Date Presented 3/31/2017
Physical activity is important for the prevention of recurrent stroke and overall health in people with stroke. In this study, patient perceptions of self-efficacy, self-regulation, social support, and outcome expectations related to physical activity were examined.
Primary Author and Speaker: Ryan Bailey
PURPOSE AND BACKGROUND: This study sought to examine self-efficacy, self-regulation, social support, and outcome expectations related to lifestyle physical activity (PA). Physical inactivity and sedentary behavior are global public health concerns and of particular concern for people with stroke. Increasing PA reduces the risk for recurrent stroke, disability, and mortality. Interventions that enhance self-efficacy, self-regulation, social support, and outcome expectations have been effective in modifying various health behaviors across patient populations, but how these variables relate to lifestyle PA (i.e., the incorporation of light- and moderate-intensity PA in daily activities) in people with stroke has not yet been examined.

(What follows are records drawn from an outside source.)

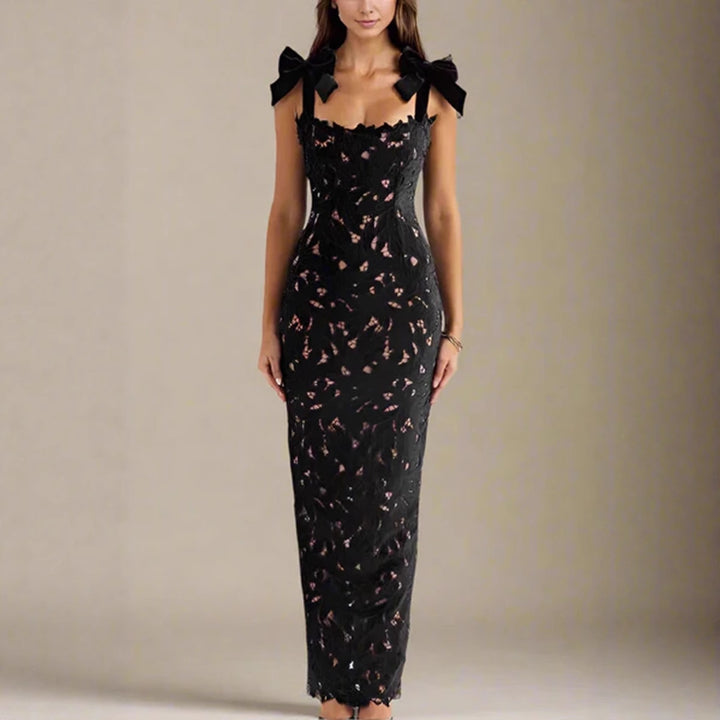 Damen Elegantes Spitzenkleid mit Schleifenärmel Drune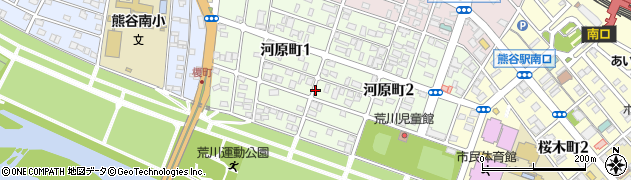 埼玉県熊谷市河原町周辺の地図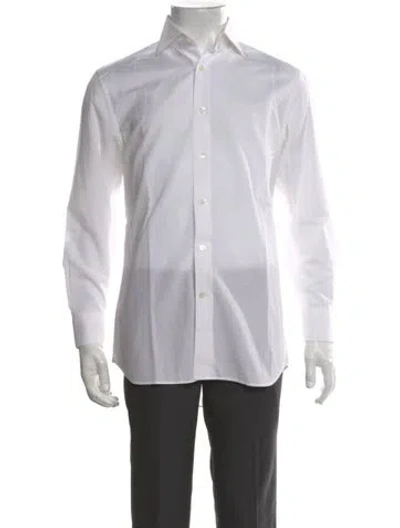 Pre-owned Corneliani Long Sleeve Dress Shirt In Grey/white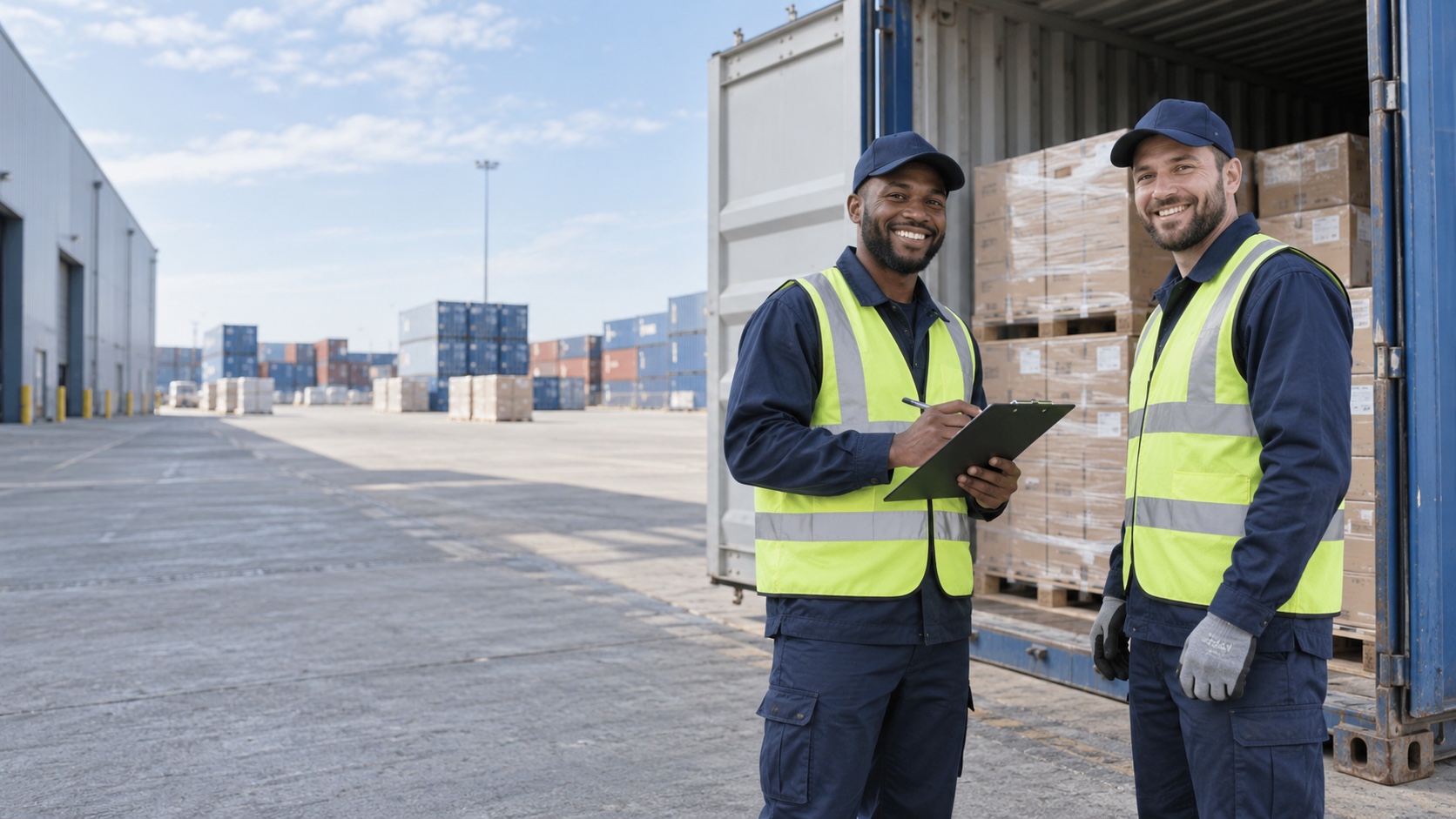Lächelnde Mitarbeiter an einem geöffneten Container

This preliminary, cross-sectional study examined patient perceptions of self-efficacy, self-regulation, social support, and outcome expectations related to lifestyle PA in people with stroke.
DESIGN: Participants (N = 21) for this cross-sectional study were recruited through community-based stroke support groups and Emory University in Atlanta, GA. Inclusion criteria were age 30–80, community dwelling, ambulatory (ambulation FIM™ score ≥5), intact cognition (Short Blessed Score <8), and at least 6 mo poststroke.
METHOD: Participants completed a battery of self-report questionnaires to assess self-efficacy for engaging in PA, use of self-regulation and social support strategies for being physically active, and positive and negative outcome expectations about being physically active. Wording of validated, exercise-based questionnaires was modified to reflect lifestyle PA, and questionnaire scores were standardized across measures (max score = 100). Mean, standard deviation, and 95% confidence interval (CI) were calculated. No analytical statistics were performed due to the small sample size, but variables with overlapping CIs were considered to be similar. Demographic and personal characteristics were also recorded.
RESULTS: Participants’ mean age was 55.2 yr (SD = 11.7), median years poststroke was 2.1 (interquartile range [IQR] = 3.7), mean body mass index was 29.1 (SD = 5.2), and median Barthel Index was 100 (IQR = 2.5). Examination for overlap of confidence intervals revealed three separate groupings of variables. Self-efficacy (M = 87, SD = 10, CI [82, 92]) and positive outcome expectations (M = 90, SD = 8, CI [87, 94]) were high and had overlapping confidence intervals. Self-regulation (M = 54, SD = 19, CI [48, 65]) and social support (M = 56, SD = 18, CI [50, 67]) were moderate and had overlapping confidence intervals. Negative outcome expectations (M = 38, SD = 13, CI [32, 44]) were low.
CONCLUSION: In this sample of participants with mild stroke, self-efficacy and positive outcome expectations related to PA were high while negative outcome expectations were low, which likely serve as motivating factors for engaging in PA. These factors should be capitalized upon when encouraging people with stroke to engage in lifestyle PA. In contrast, use of self-regulation and social support strategies was moderate and could possibly be modified through behavioral training to indirectly increase poststroke PA. Future research should investigate whether interventions that increase use of self-regulation and social support strategies lead to increased poststroke PA. Additionally, validated assessments that measure self-efficacy, self-regulation, social support, and outcome expectations related to lifestyle PA in people with stroke are needed.
IMPACT STATEMENT: Patient perceptions of self-efficacy, self-regulation, social support, and outcome expectations related to physical activity vary and should be considered when promoting physical activity after stroke.